1 Tablespoon Black Pepper
1 Tablespoon Chili Powder
1 Tablespoon Paprika
1 Tablespoon Cumin
1 Tablespoon Garlic Powder
1-3 Teaspoons of Vinegar
Place all of your spices in a bowl and mix. Slowly add your vinegar. I cant remember exactly how much I used.
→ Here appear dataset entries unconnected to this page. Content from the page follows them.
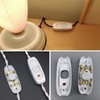 2 Pieces Light Switch AC 250V 10A Inline Cord Switch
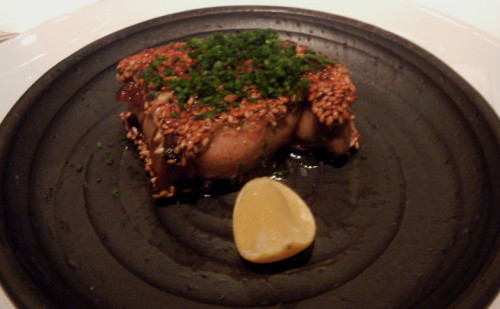 Sesame Crusted Foie Gras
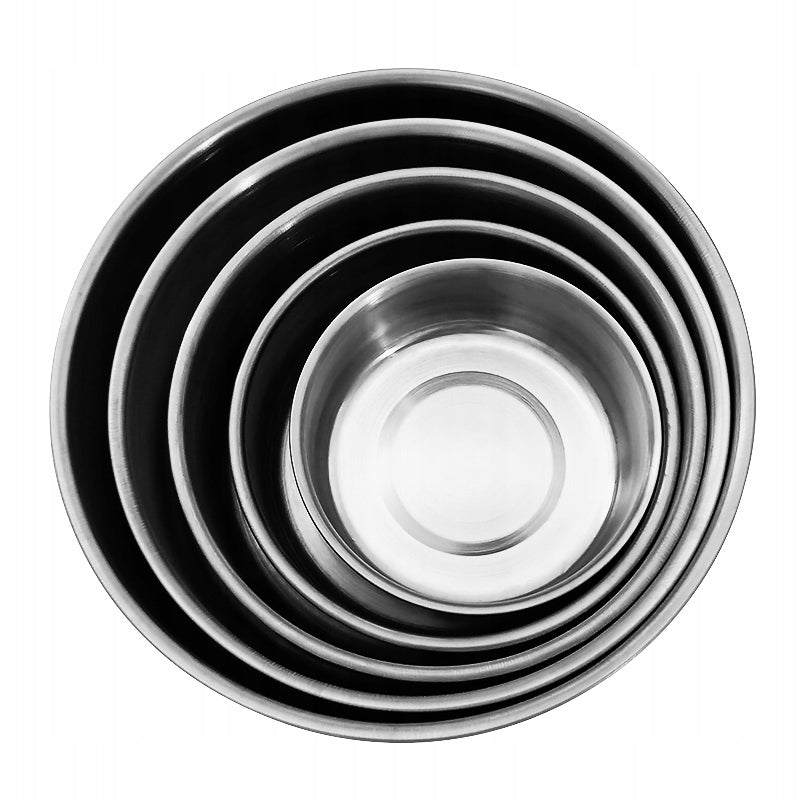 Stainless Steel Metal Bowl Set with Lids Bowl 5 Pcs Manufacturer code #6732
You want your spices to look like wet sand/paste so you can rub it on your pork and have it stick.
Crock Pot Ingredients:
1 Yellow Onion (chopped)
2 Garlic Cloves (crushed)
1 (15-ounce) Can Fire Roasted Tomatoes
4 to 5 Pound Pork Shoulder
Put the onion and garlic in first, then place your seasoned pork on top.
Next pour the tomatoes over it. Cover. Cook on High for 4-6 hours.
The pork will fall off the bone. That is how you know it is ready.
Remove the pork and shred into a separate bowl.
Cilantro Lime Sauce:
1/4 Cup Lime Juice (fresh)
2 Tablespoons Vinegar
1/2 Bunch Cilantro
1 Tablespoon of Honey
1 Tablespoon of Brown Sugar
1/4 Teaspoon Salt
1/3 Clove Garlic (minced)
1 1/2 Tablespoon Dijon Mustard
1 1/2 cups of Salad or Olive Oil
In a blender, mix your cilantro, lime juice and vinegar. Next add your garlic, sugar, honey and salt.
Add mustard. Then, slowly add your oil.
The avocado is a must! The fatty avocado combined with the savory pork and the citrus sauce made this taco outstanding!